L’annotation de l’agenda est accessible à tout le monde, il faut juste ne pas oublier de le remplir tous les matins, ça prend 20 secondes.

L’énorme intérêt est qu’il permet d’objectiver facilement le déroulement du sommeil du patient.

C’est un outil qui servira aussi pour le suivi du traitement en thérapie comportementale.

Les apnées du sommeil

 

On considère que 8 à 10 % de la population adulte présentent des apnées du sommeil. Mais seulement une moitié (à peu près) seraient diagnostiquées et traitées.

L’enjeu est grand donc dans la recherche de cette pathologie. Il est important car outre la fatigue, cette pathologie va donner souvent des problèmes de somnolence diurne excessive.

Ce symptôme correspond à un véritable endormissement en journée, avec tous les dangers inhérents en fonction de ce que l’on fait (conduite automobile ou camion, travail en hauteur…).
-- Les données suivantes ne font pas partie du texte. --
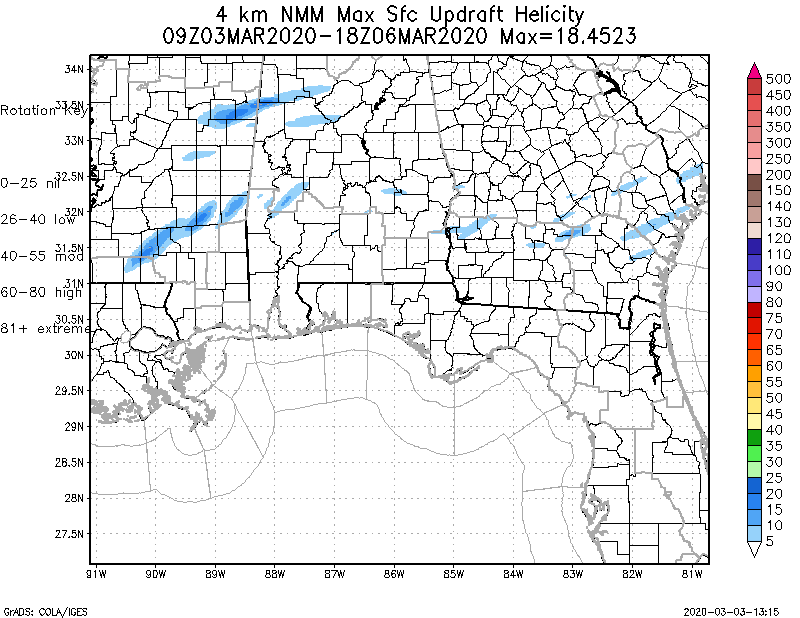 Maximum Updraft Helicity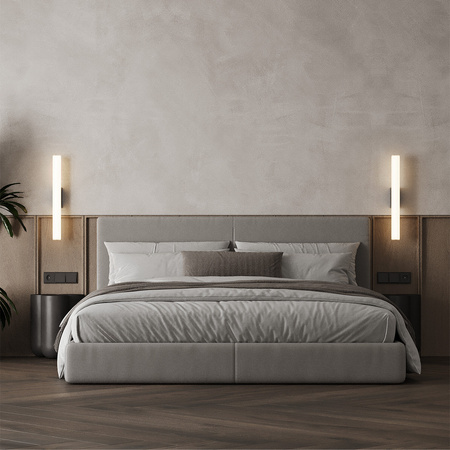 Light Prestige kinkiet Linea ściemnialny 8W 1241lm 3000/4000/6000K chrom LP-0510/1W-45 CH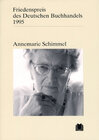 Buchcover Annemarie Schimmel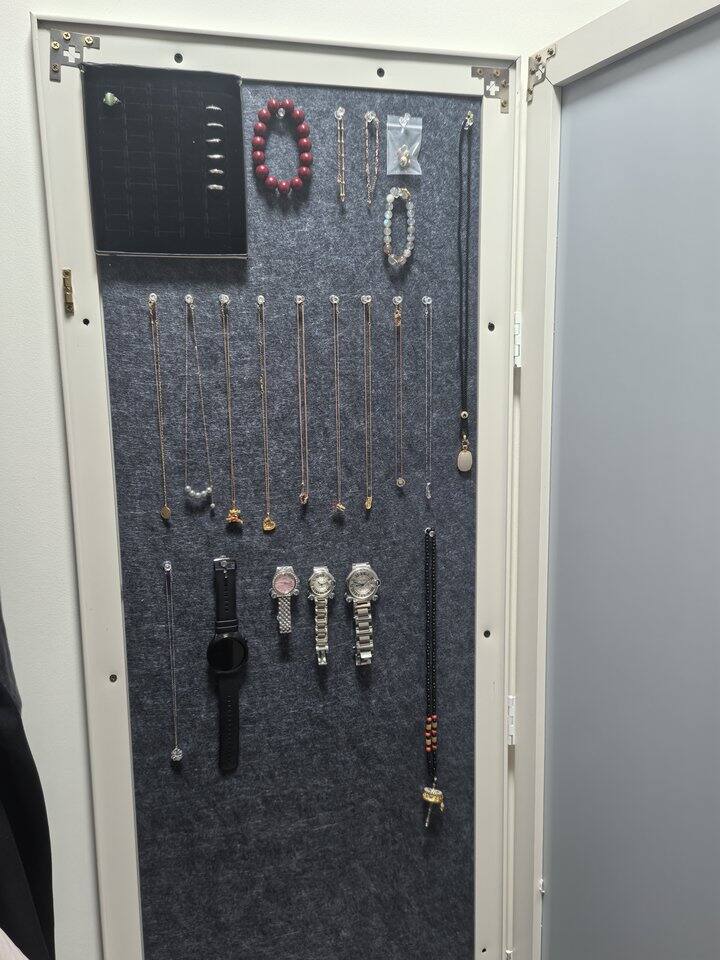 【装修】超薄首饰镜柜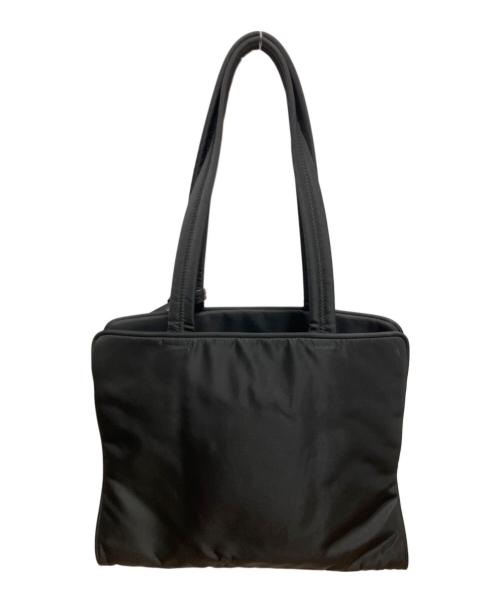 PRADA（プラダ）PRADA (プラダ) TESSUTO SPORT トートバッグ ブラックの古着・服飾アイテム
Dans le cas le plus fréquent, ce sont des patients qui ronflent, sont +/- en surpoids, se lèvent souvent la nuit pour uriner, entre autres symptômes.

Mais surtout ils présentent souvent une asthénie matinale inexpliquée.

En général ils vous disent qu’ils sont plus fatigués le matin au réveil que la veille quand ils se sont couchés !

Au moindre doute, il faut réaliser un enregistrement du sommeil. Examen qui doit être fait par un collègue compétent qui sait lire les tracés (il ne faut pas se fier à l’analyse automatique !).

Le traitement par PPC (pression positive continue) reste la référence en première intention.

Les syndromes anxio dépressifs

 

Très fréquents, 10 % de la population.

Le problème avec cette pathologie réside dans le fait que même dans une situation de syndrome anxio dépressif léger à modéré (très fréquents !) il y aura une altération de la qualité du sommeil et des symptômes d’asthénie marquée.

Il ne faut pas hésiter à se servir d’auto-questionnaires pour cerner la situation d’un patient (Pichot asthénie, Pichot dépression, HAD, Beck).

C’est aussi la seule situation dans laquelle on va avoir de véritables insomnies ET de véritables épisodes de somnolence diurne excessive. Ça peut aider au diagnostic.

Les traitements en cours

 

Il est évident que certains traitements peuvent avoir des effets sédatifs (antalgiques, anxiolytiques, etc.) d’où la fatigue… .

Mais d’autres peuvent altérer la qualité du sommeil (cortisone, …).

Par ailleurs certains traitements orienteront vers des causes d’insomnies secondaires. Par exemple, un patient qui prend des antalgiques régulièrement vous dira finalement qu’il dort mal à cause de ses douleurs lombaires.

Le syndrome des jambes sans repos

 

Peu connu mais pourtant très fréquent puisque 8 à 10 % de la population souffrent de ce syndrome par intermittence.

Le diagnostic est très simple et prend 4 questions et 2 minutes.

Il s’agit d’un ou d’une patiente qui présente :

  • Des douleurs ou gênes dans les membres inférieurs,
  • Le soir,
  • Au repos,
  • Et soulagées par la marche.

Le plus souvent un antalgique simple (niveau 1 ou 2) suffit à soulager.

Quelques fois, dans 2 % des cas, il peut devenir permanent, insomniant et être alors une cause d’asthénie diurne. Il faudra envisager un traitement plus spécifique (agoniste dopaminergique), le spécialiste neurologue ou somnologue s’en chargera.

Voilà un rapide tour d’horizon de l’exploration du sommeil dans un contexte d’asthénie. Il faut prendre le temps d’une consultation pour le faire et cela vous permettra de résoudre un grand nombre de situations de fatigues inexpliquées au premier abord.